*** Begin section ***

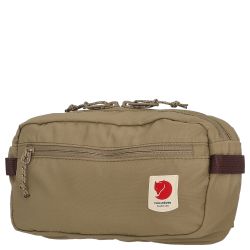 Fjällräven Bauchtasche High Coast Hip Pack günstig online kaufen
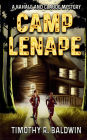 Camp Lenape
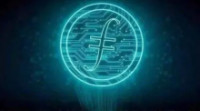 Filecoin全网有效算力为10.437EiB
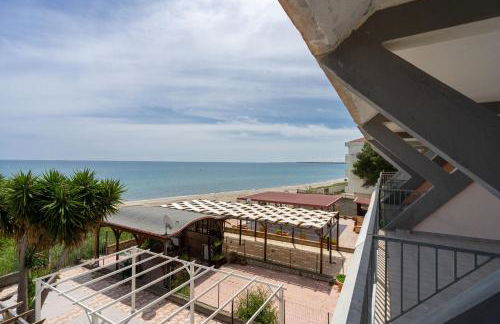SEAFRONT SUITE 5 Stars - Comfortable Apartment - Foto 5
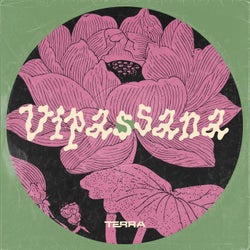 Vipassana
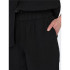 Pantalón Only Jdydivya Life Wide s Mujer Black
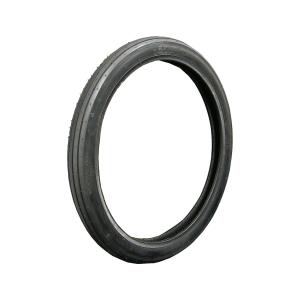 Harley Davidson（ハーレー・ダビッドソン） ファイヤーストーンANS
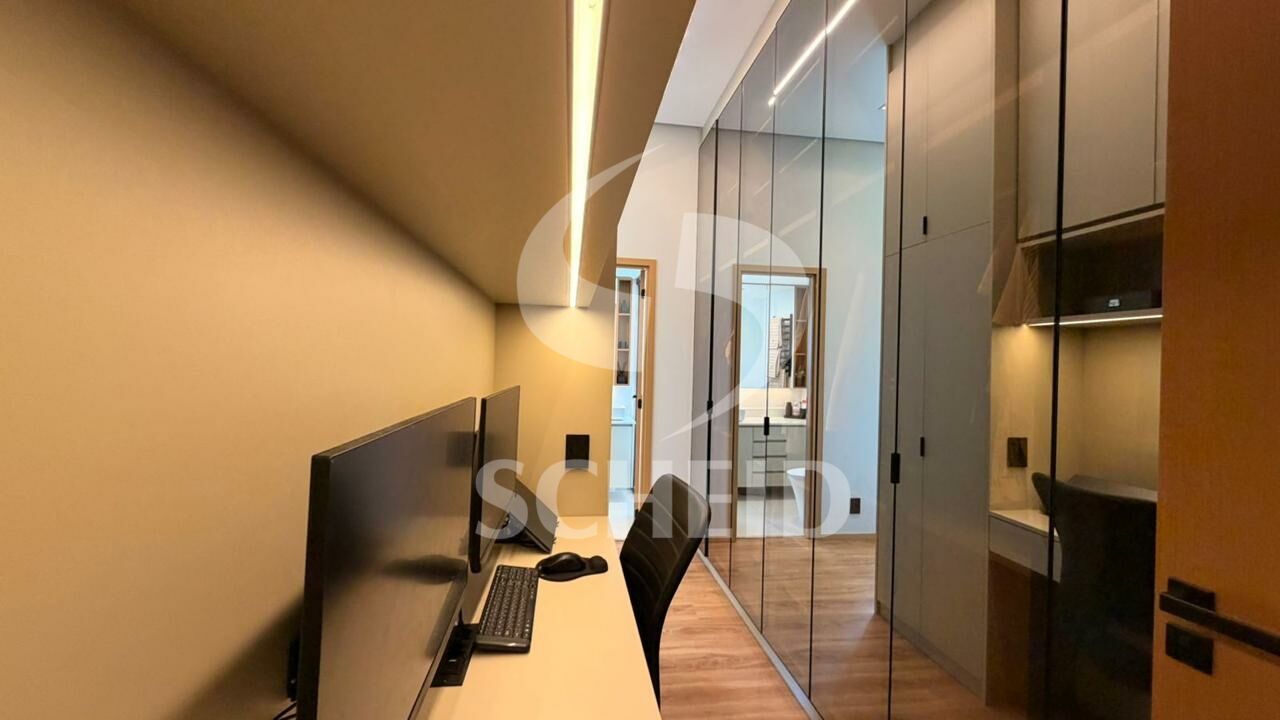 Foto 28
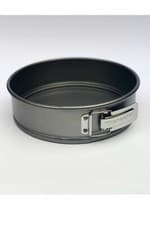 Image of KitchenAid Bakeware Springform 24cm Cake Pan - Brand New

*** End section ***

Task item:
No picture belongs in the answer, but every word of the records above does, exactly as given.

Answer space:
 Fjällräven Bauchtasche High Coast Hip Pack günstig online kaufen
 Camp Lenape
 Filecoin全网有效算力为10.437EiB
SEAFRONT SUITE 5 Stars - Comfortable Apartment - Foto 5
 Vipassana
 Pantalón Only Jdydivya Life Wide s Mujer Black
 Harley Davidson（ハーレー・ダビッドソン） ファイヤーストーンANS
 Foto 28
 Image of KitchenAid Bakeware Springform 24cm Cake Pan - Brand New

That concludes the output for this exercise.